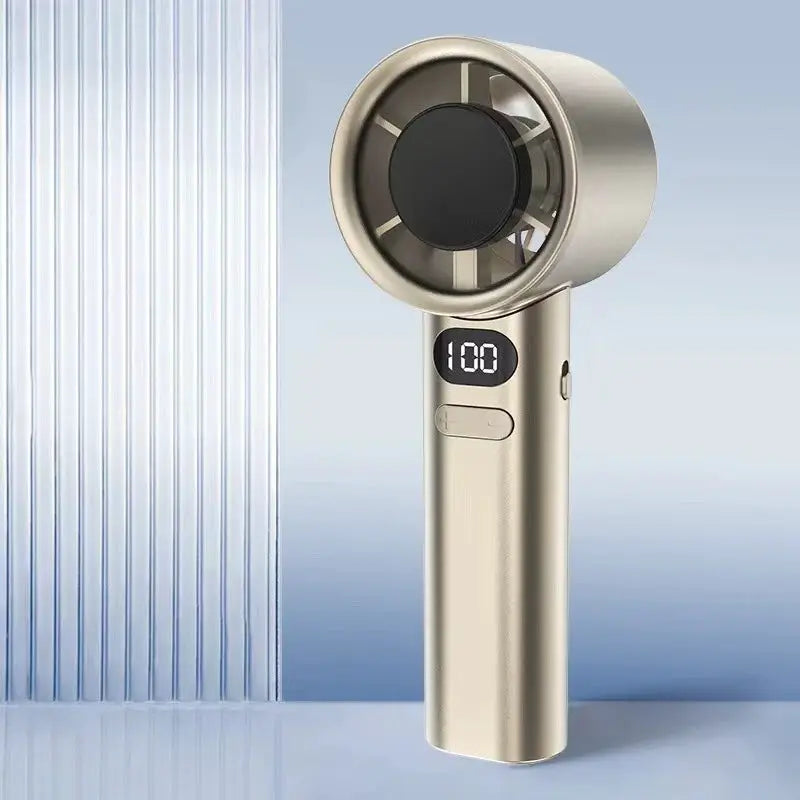 Handheld mini fan with a gold metal body, circular head, and a digital display on the handle.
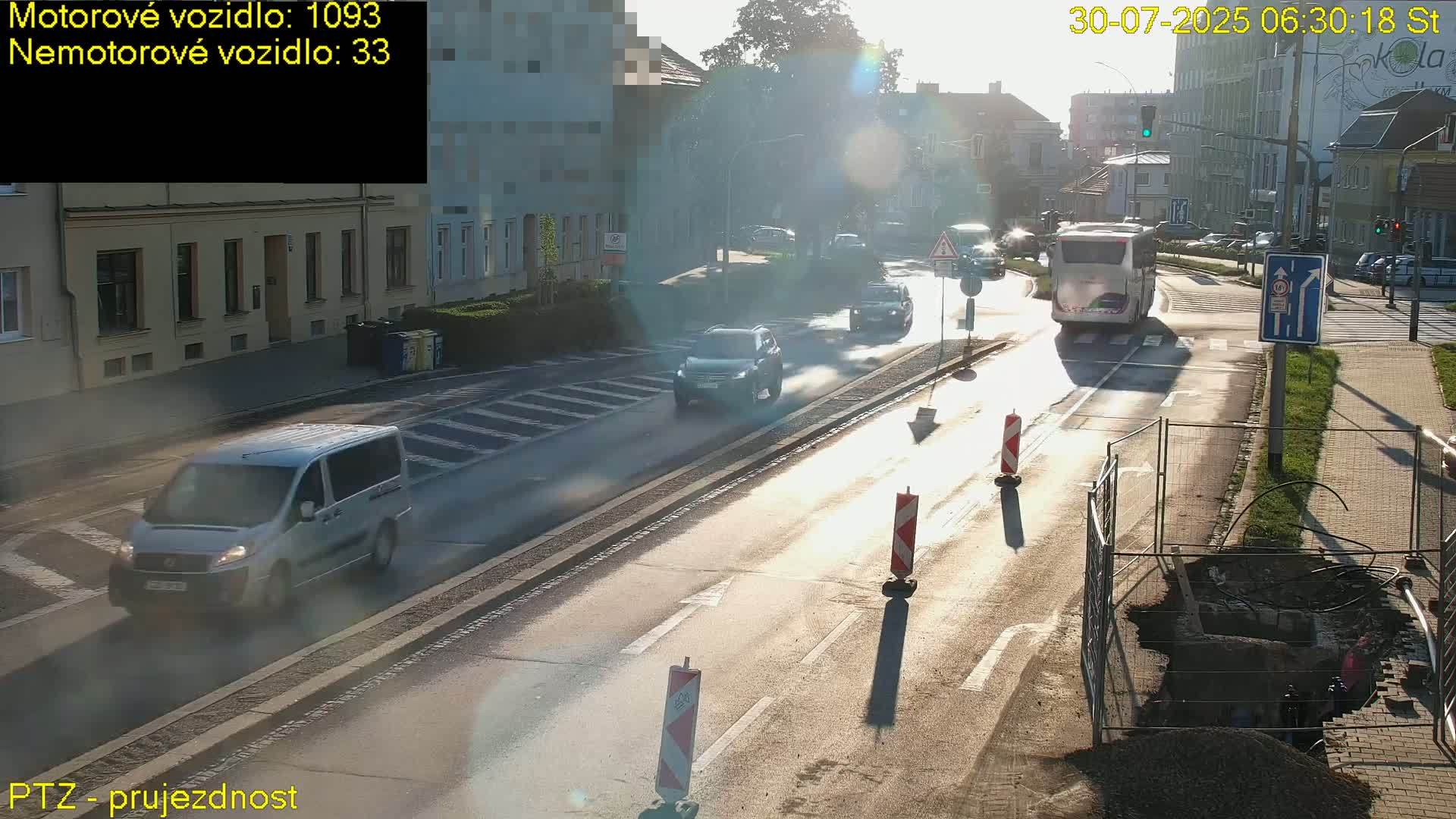 A sunny day on a city street shows a white car driving past a small orange construction vehicle near a crosswalk.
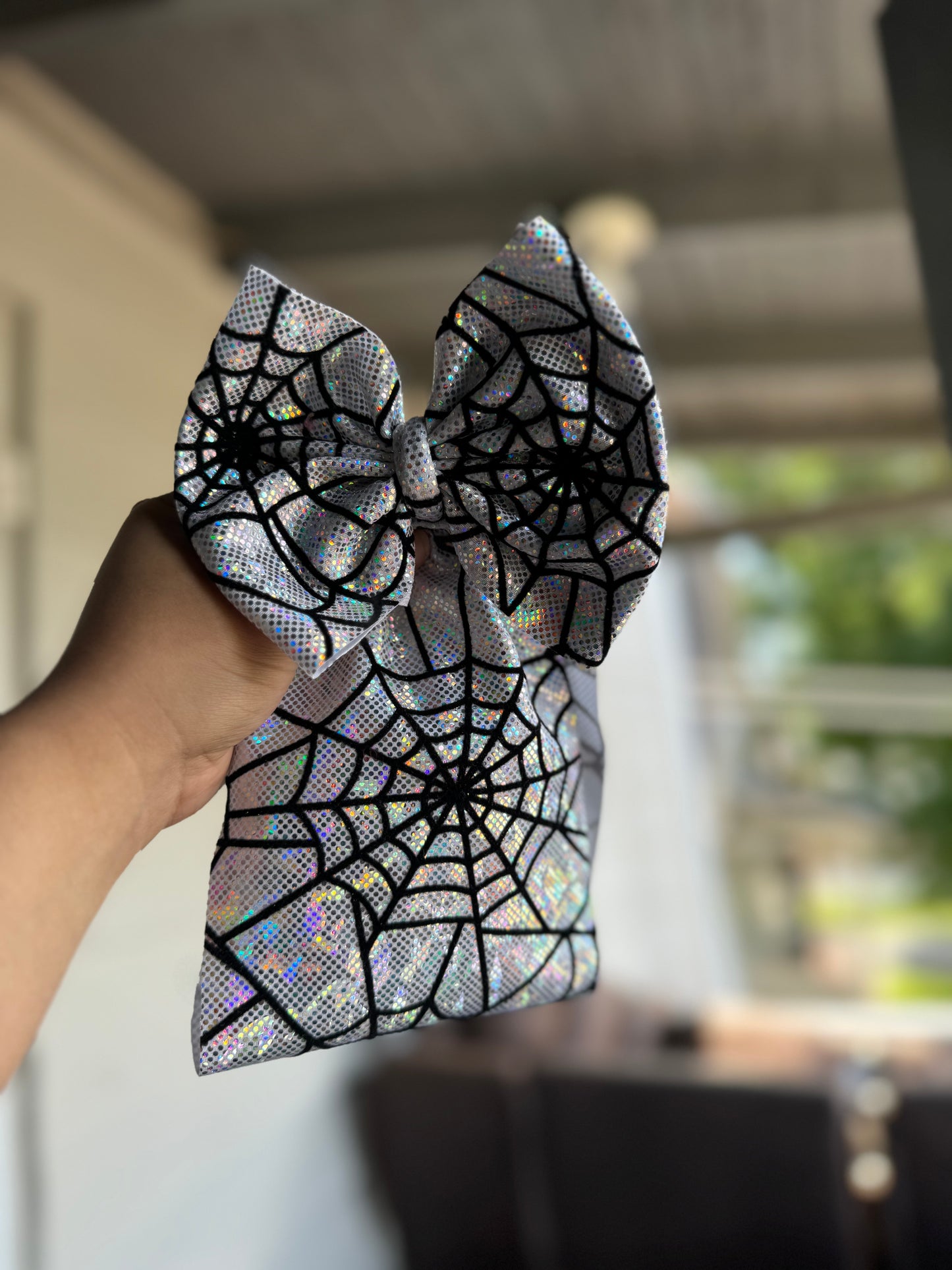 Silver holo spiderweb bow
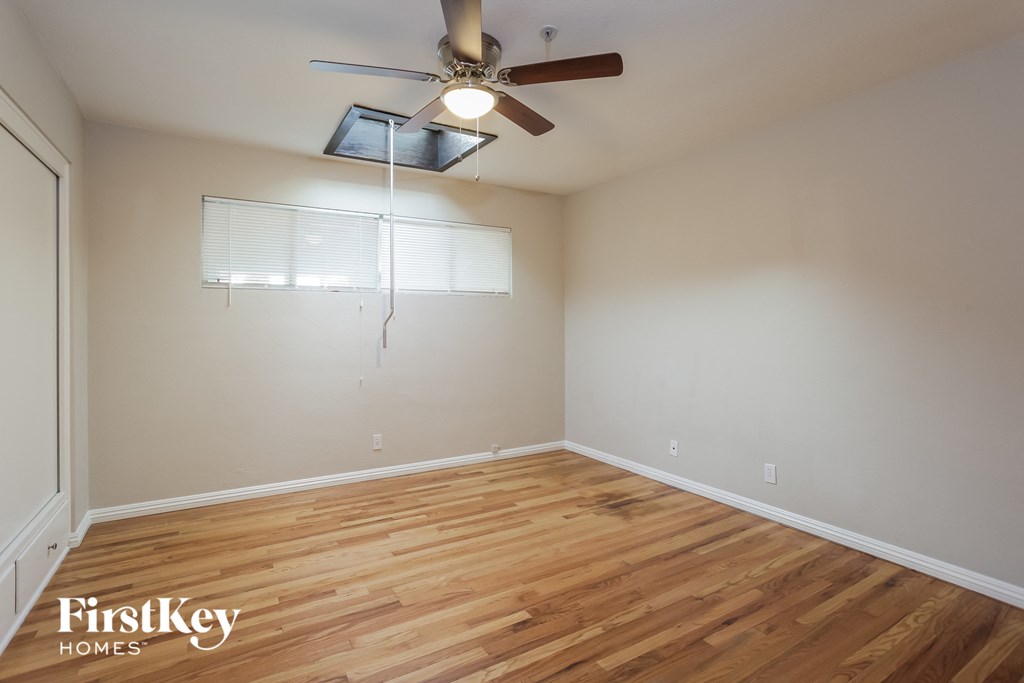a living room with wood floors and a ceiling fan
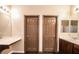 Dual vanity bathroom with a built in makeup counter, two matching doors, and wood look floors at 1808 Peyton Stewart Ct, North Las Vegas, NV 89086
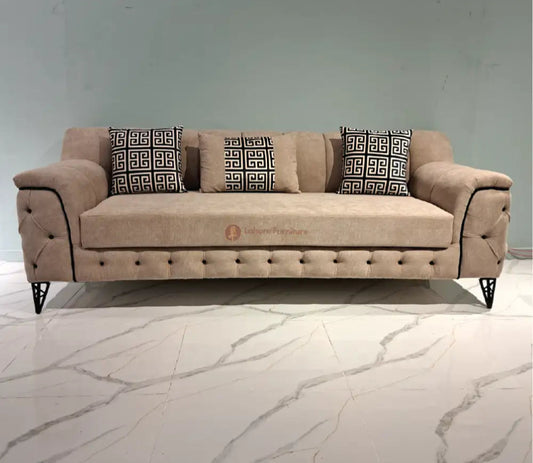 Beige sofa with patterned cushions on a marble floor, branded 'Lahore Furniture'.
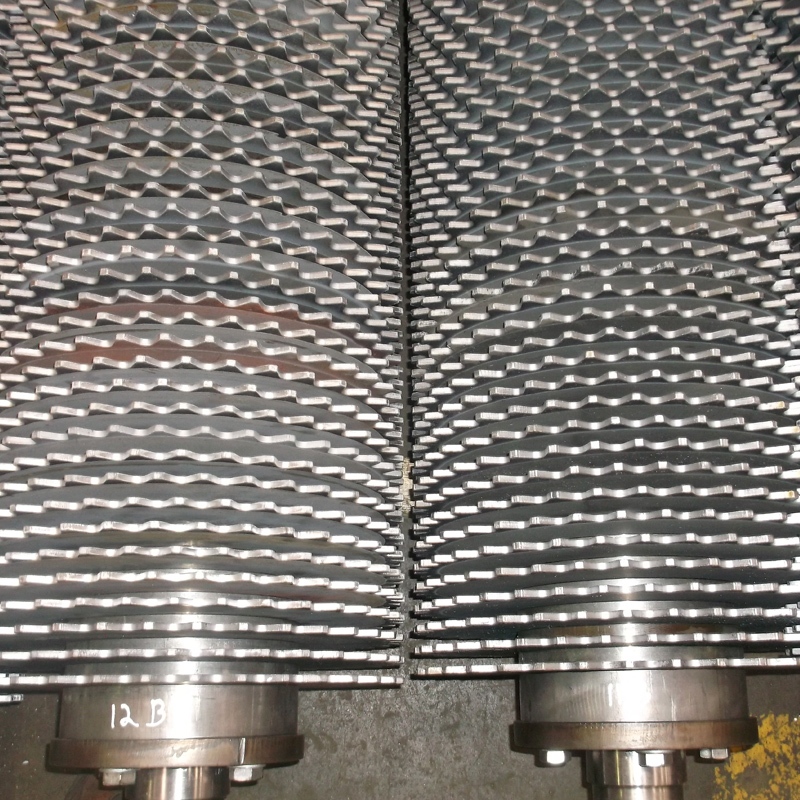 Close-up view of intermeshing disc shafts inside a Jeffrey Rader® Rader Disc Screen (RDS) used for precise material sizing and separation.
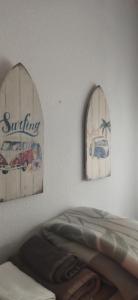 a bedroom with two window signs and a bed at Apartamento rural castril in Castril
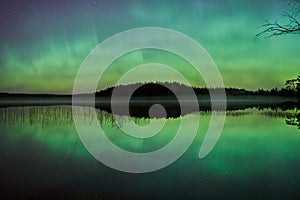 Reflections of northern lights in Swedish lake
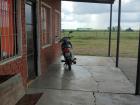 The cook/ custodian's motorcycle parked outside of the elementary school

• _Your instructions_:
In the data, the line that contains "Beige sofa with" begins the part to write out; restate it and each line after it word for word through the end, with no pictures.

• _Result of this exercise_:
 Beige sofa with patterned cushions on a marble floor, branded 'Lahore Furniture'.
 Close-up view of intermeshing disc shafts inside a Jeffrey Rader® Rader Disc Screen (RDS) used for precise material sizing and separation.
 a bedroom with two window signs and a bed at Apartamento rural castril in Castril
 Reflections of northern lights in Swedish lake
 The cook/ custodian's motorcycle parked outside of the elementary school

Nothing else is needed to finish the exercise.